Лишь только вошли туда, Дуня бросилась к ней на шею и осыпала горячими поцелуями. А сама плачет, разливается.
– Как я рада тебе, моя дорогая! Дня не миновало, часа не проходило, чтоб я не вспоминала про тебя. Писать собиралась, звать тебя. Помнишь наш уговор в Каменном Вражке? Еще гроза застала нас тогда, – крепко прижимая пылавшее лицо к груди Аграфены Петровны, шептала Дуня.
– Помню, милая, помню, – обнимая Дунюшку, ласково говорила Аграфена Петровна.
– Не чаяла я с тобой свидеться! Все сердце изныло без тебя.
– Ну что? – с ясным взором и улыбкой, полной участья, спросила Аграфена Петровна.
Дуня зарыдала у ней на груди, слова не может вымолвить от рыданий.
– Перестань! Хоть не с горя льешь слезы, а все тяжело. Полно же, полно! – уговаривала ее Аграфена Петровна.
Перестала Дуня рыдать, но тихие слезы все еще струились из ясных ее очей. И вся она сияла сердечной радостью и блаженством.
Сидя рядом, обе молчали. Аграфена Петровна нежно гладила по головке склонившуюся к ней девушку.
– Знаешь что, Груня? – наконец, чуть слышно промолвила Дуня, еще крепче прижавшись к сердечному другу.
– Что, милая? – тихо ответила Груня.
– Я… кажется, я… нашла…– в сильном душевном волненье едва могла проговорить Дуня.
– По душе человека? – шепнула Аграфена Петровна.
– Да, – отрывисто ответила Дуня и закрыла руками пылавшее лицо.
– Ну и слава богу, – ласково отвечала ей Груня.
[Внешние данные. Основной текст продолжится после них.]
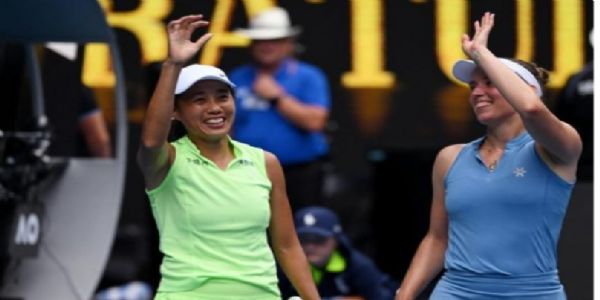 ಆಸ್ಟ್ರೇಲಿಯನ್ ಓಪನ್ 2026 ; ಮೆರ್ಟೆನ್ಸ್–ಜಾಂಗ್ ಮಹಿಳಾ ಡಬಲ್ಸ್ ಚಾಂಪಿಯನ್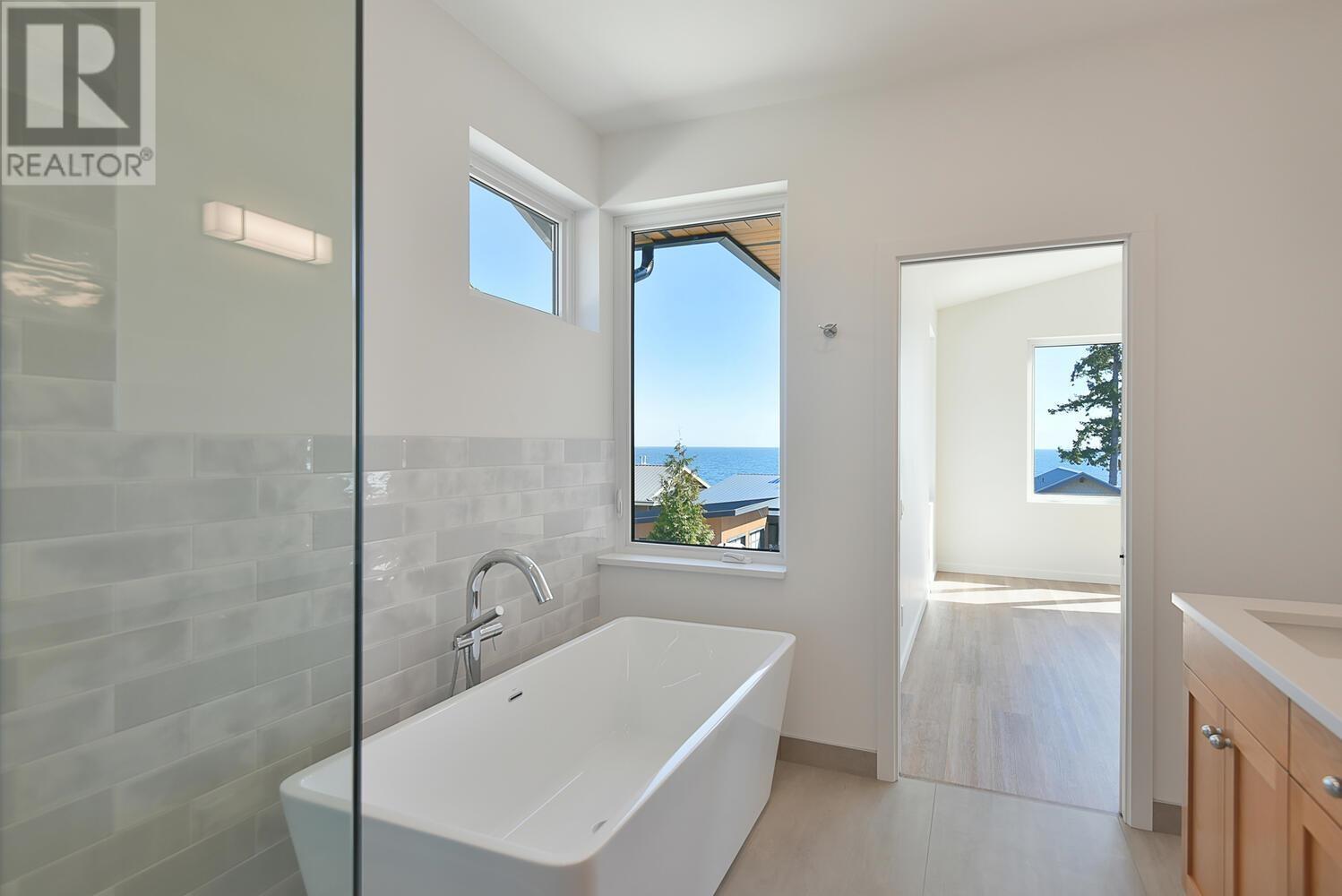 6034 Silverstone Lane, Sechelt, British Columbia  V7Z 0T8 - Photo 23 - R2805778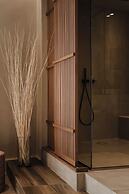 Tesoro Elegant escapes-suites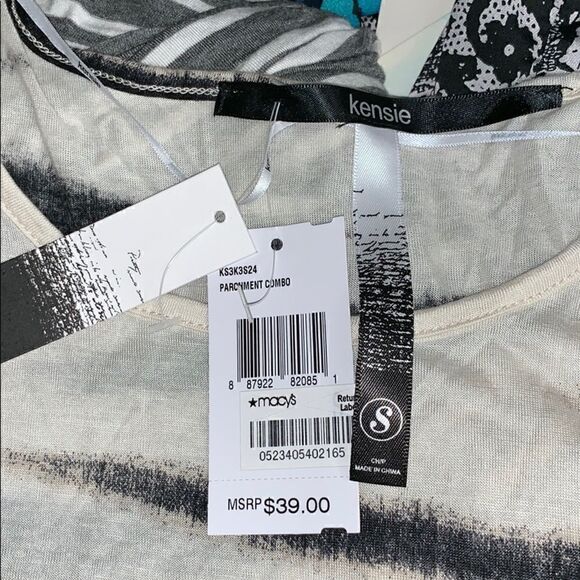 🛍️NWT Kenzie size small zebra print top - Picture 2 of 7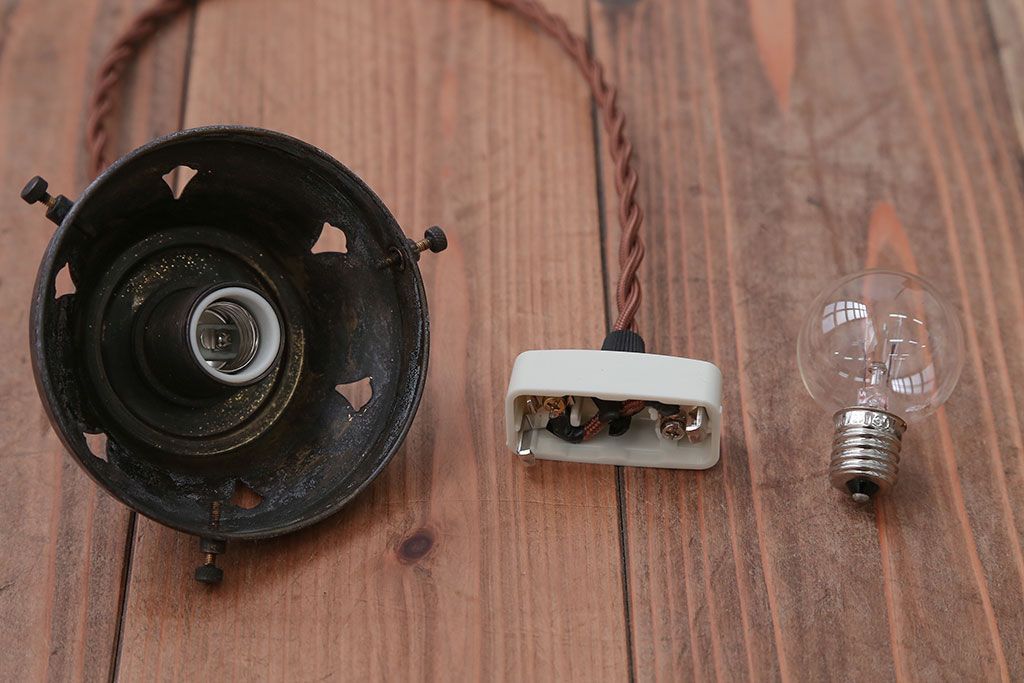 アンティーク　銅の装飾が素敵な雪洞(ぼんぼり)吊り下げ照明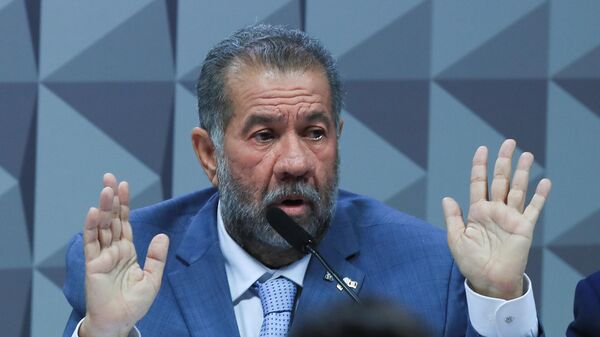 Ex-ministro da da Previdência Social Carlos Lupi responde à perguntas durante a Comissão Parlamentar Mista de Inquérito (CPMI) do INSS, em 8 de setembro de 2025 - Sputnik Brasil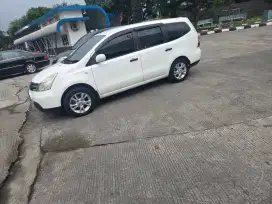 LIVINA XV 2013 putih km 125 ribu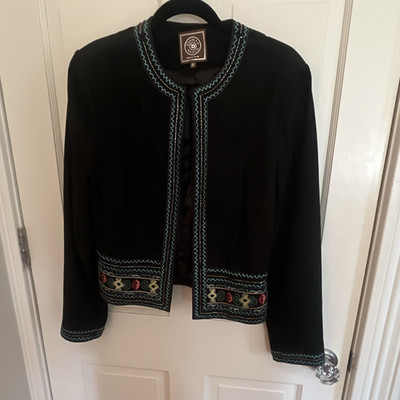 Double D Ranch size M women s suede beaded jacket with embroidery.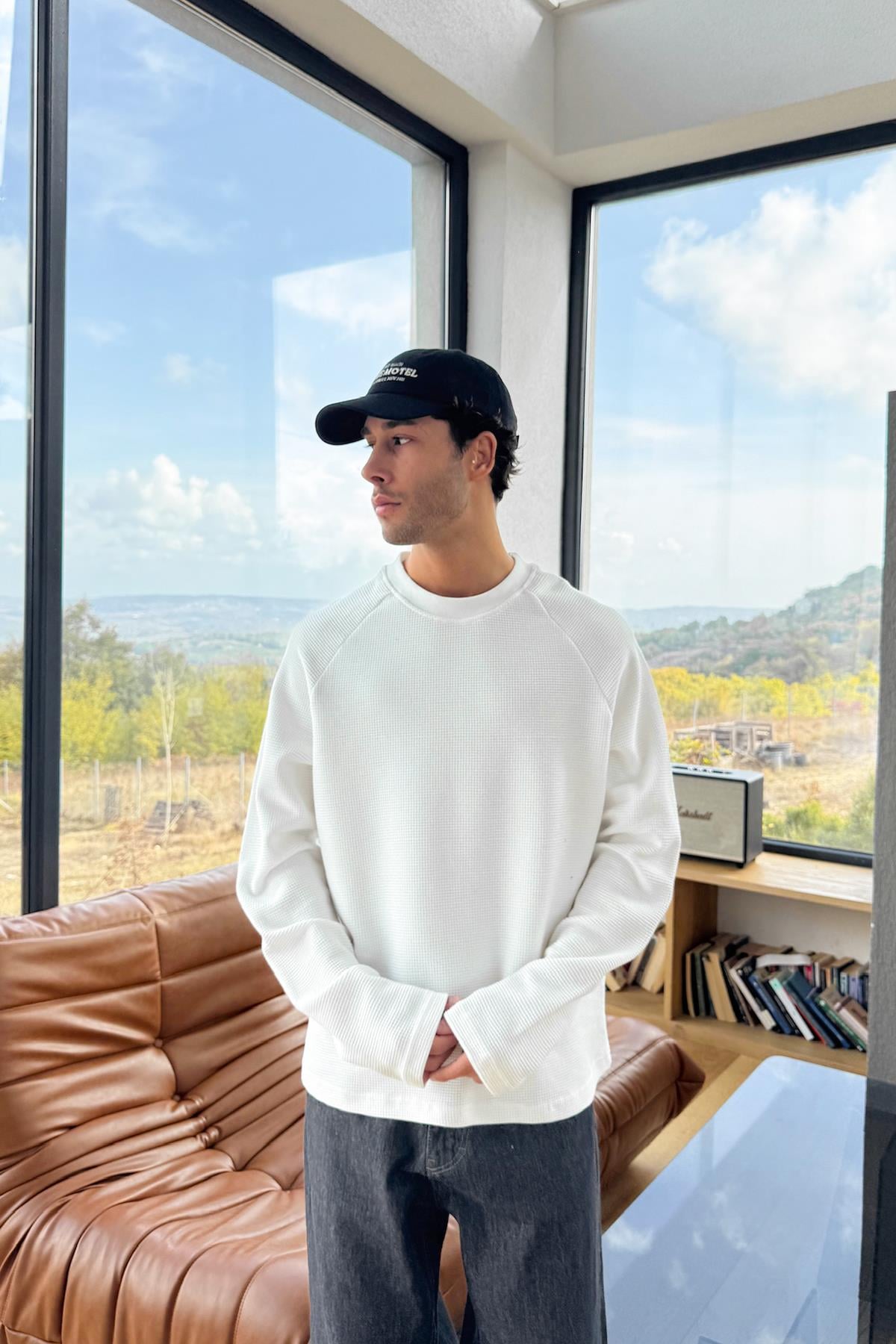 Basic Dokuma Sweatshirt Beyaz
– Все тебя поминала, – тихим, чуть слышным голосом говорила Дуня.Сначала боязно было, стыдно, ни минуты покоя не знала. Что ни делаю, что ни вздумаю, а все одно да одно на уме. Тяжело мне было, Грунюшка, так тяжело, что, кажется, смерть бы легче принять. По реке мы катались, в косной. С нами был.. – Добрый такой… Правдивый… И как он глядел на меня и таким голосом говорил со мной, что меня то в жар, то в озноб.
И замолчала. Ни слова не сказала Аграфена Петровна, лишь молча гладила Дуню по головке и, кротко улыбаясь, поглядела ей в подернутые слезами очи.
– Дома твои слова вспомянула, твой добрый совет, не давала воли тем мыслям, на молитву стала, молилась. Долго ль молилась, не знаю, – продолжала Дуня.
– Что ж после? – спросила Аграфена Петровна.
– Не мутились мысли после молитвы, – ответила Дуня. – Стало на душе и легко и спокойно. И об нем спокойнее прежнего стала я думать… И когда на другой день увидала его, мне уж не боязно было.
– Пошли тебе господи счастливую долю. Видима святая воля его, – горячо поцеловав Дуню, с задушевной теплотой сказала Аграфена Петровна.
– Ты каждый день у нас бывай, Груня, – говорила Дунюшка. – Он к нам частенько похаживает. Поговори хорошенько с ним, вызнай, каков он есть человек. Тебе виднее. Пожалуйста!
И обвила Аграфену Петровну руками и, крепко прижав ее к груди, целовала.
– Да кто ж он таков? – с доброй улыбкой спросила у ней Аграфена Петровна. – Ты мне пока еще не сказала.
– Да тот…– тихо, чуть слышно промолвила Дуня, склонясь на плечо сердечного друга.
– Какой тот?
– Да тот… В Комарове-то… Помнишь, – прошептала Дуня и залилась слезами.
– Петр Степаныч?
– Ну да, – шепнула Дуня и, вскинув ясными очами улыбнулась светлой, радостной улыбкой.
А между тем столбом пылит дорога и гремят мосты под тройкой быстрых звонкокопытных коней. Мчится Петр Степаныч по Керженским лесам.
ГЛАВА ЧЕТЫРНАДЦАТАЯ
На ловецких ватагах, на волжских караванах, по пристаням, по конторам немало по найму служило народа у Марка Данилыча. Держал он наймитов (Начиная от Тверской губернии по Заволжью употребляется слово наймак, а по Горному Поволжью до устья Суры – наймит. И то и другое означает наемник.) в страхе и послушанье, праздного слова никто перед ним молвить не смел. Всегда угрюм и молчалив, редко говаривал он с подначальными, и то завсегда рывком да с ругней. Кончая брань, вздыхал он глубоко и вполголоса богу жалобился, набожно приговаривая: «Ох, господи, царю небесный, прости наши великие согрешения!..» А чуть что не по нем – зарычит, аки зверь, обругает на чем свет стоит, а найдет недобрый час – и тычком наградит.
Безответно терпели подначальные от крутонравого хозяина, лебезили перед ним, угодничали, лезли на глаза, чтобы чем-нибудь прислужиться. Знал наемный люд, что так поступать вперед пригодится. Смолокуров платил хорошо, гораздо больше других старых рыбников, расчеты давал верные, безобидные и, опричь того, раза по три в году награды и подарки жаловал, глядя по усердию. Мелких людей: ловцов, бурлаков и других временных каждый раз обсчитать норовил хоть на малость, но с приказчиками и с годовыми рабочими дела вел начистоту.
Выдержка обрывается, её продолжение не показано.